İletişim fakültesi mezunu bir gazetecinin önündeki engellere değinen Sezer, “Çalışırken karşı karşıya kaldığımız sorunlara gelmeden önce işsiz iletişim fakültesi mezunları ve gazeteciler hakkında biraz konuşmak gerektiğini düşünüyorum. Öncelikle iletişim, çok fazla mezun veren fakat bu kadar kişinin istihdam edilebileceği bir alanın olmadığı bir sektör. Yani genç bir gazeteciye mesleği sorgulatan ilk şey bence işsizlik problemi” değerlendirmesini yapıyor.

"İş bulabilen arkadaşlarımızın birçoğu çalıştığı yerlerde patron baskısına, sansüre, mobbinge maruz kalıyor. Asgari ücretten çok daha az maaşa, 9 saati aşan sürelerde sigortasız çalışmak zorunda bırakılan birçok gazeteci var.?? Burada sözünü ettiğim veya daha başka problemler elbette zaman zaman mesleğimizi sorgulamamıza sebep oluyor. Fakat hakikati anlatmanın, kamu yararını gözeterek gerçekleri söylemenin bir bedeli olacaksa da bunun göze alınması gerektiğini düşünüyorum. Bana göre asıl yapmamız gereken şey karşı karşıya kaldığımız sorunlar sebebiyle mesleği bırakmak değil, daha iyi çalışma ve yaşam koşulları için hep birlikte mücadele etmek.” 

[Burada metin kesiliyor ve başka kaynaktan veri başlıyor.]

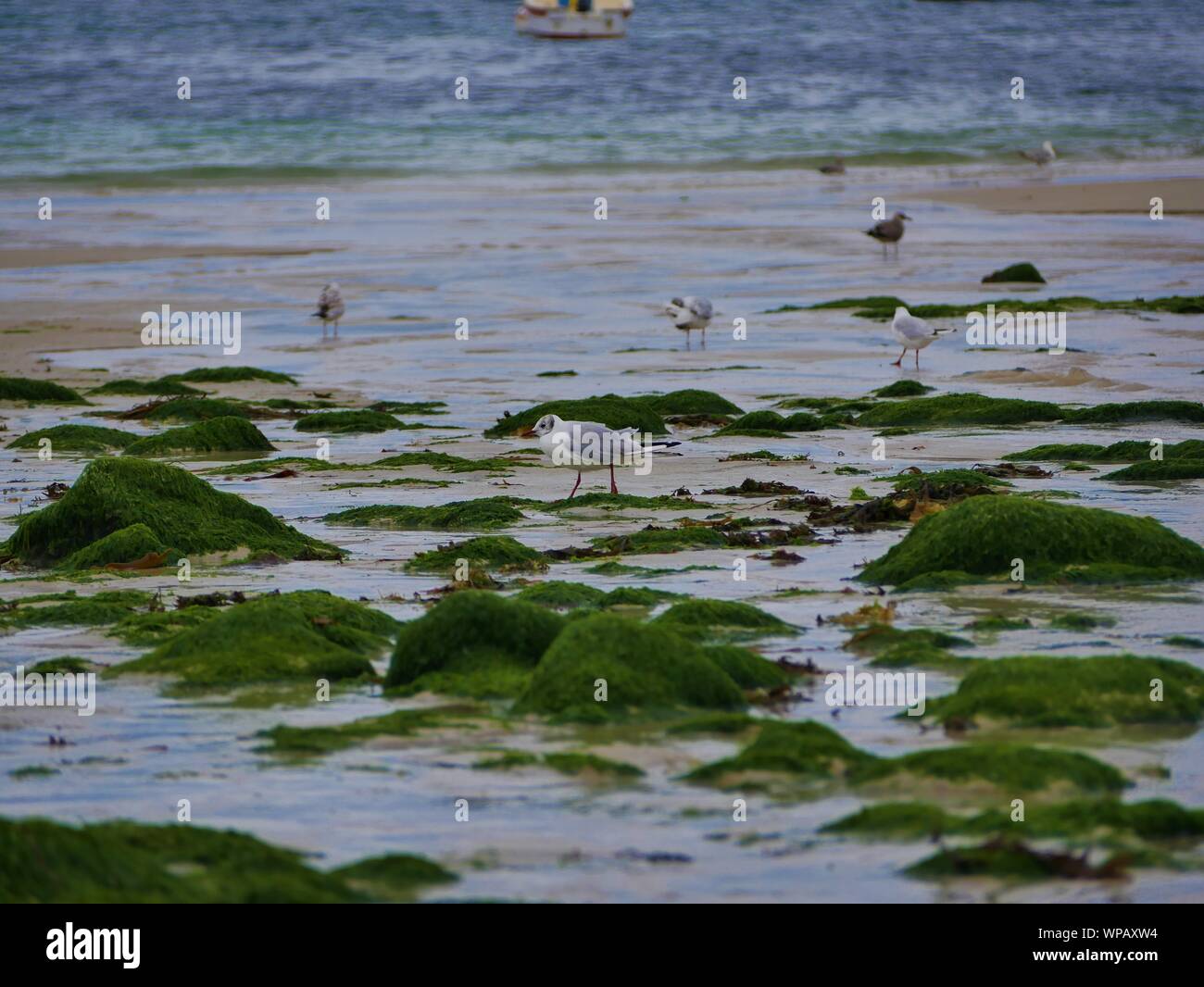 Mouette sur le Sable entre les rochers recouverts d'algues Au bord de la Mer, Plage de Brest, Gruppen de Mouettes ramassant des Vers de sable Stockfoto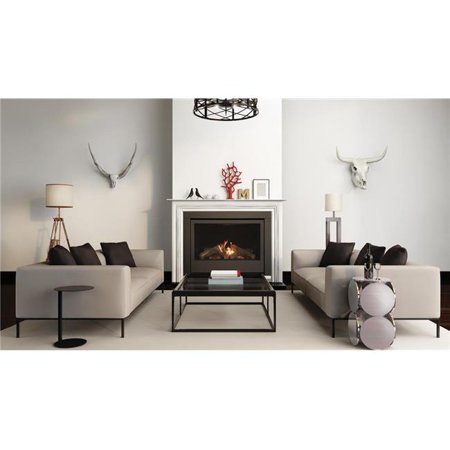 36" Natural Gas Direct vent fireplace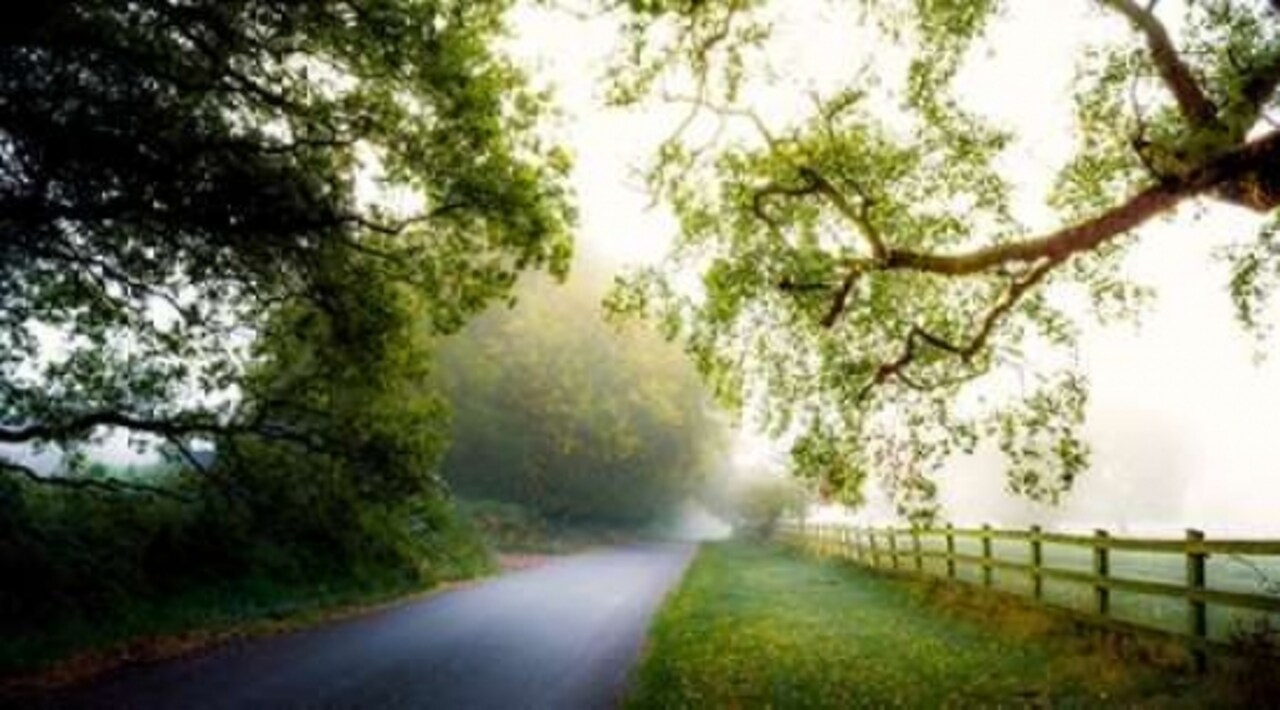 Octobers Fog Poster Print by Adelino Goncalves - Item # VARPDXG771D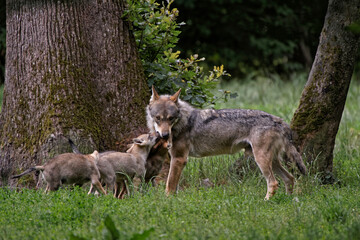 Loups gris d'Europe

“Gazeteciler için en büyük bir risk: Tutuklanma”

Gazetecilik mesleğinin önünde herhangi bir engel olmadığını aktaran Sezer, “Açıkçası, ben özellikle de sosyal medya kullanımının böylesine yaygınlaştığı bir dönemde gazetecilik yapmanın önünde herhangi bir ‘’engel’’ olabileceğini düşünmüyorum. Tabii bir yere bağlı çalışıldığı durumda baskı veya sansüre maruz kalmak elbette karşılaşabileceğimiz bir durum fakat teknolojinin böylesine geliştiği bir dönemde bazı şeyleri göze alarak gerçekleri bir şekilde duyurmanın birçok yolu var. Türkiye’de en az 42 gazeteci ve medya çalışanının cezaevinde olduğunu, her gün onlarca gazeteciye haberleri sebebiyle dava açıldığını düşündüğümüzde, gazetecilik yapma konusunda bence yine de ‘’engel’’ olarak sayılamayacak fakat gazeteciler için büyük bir risk sayılabilecek bir başka durumun ise tutuklanma tehlikesi olduğunu söyleyebilirim” ifadelerini aktarıyor.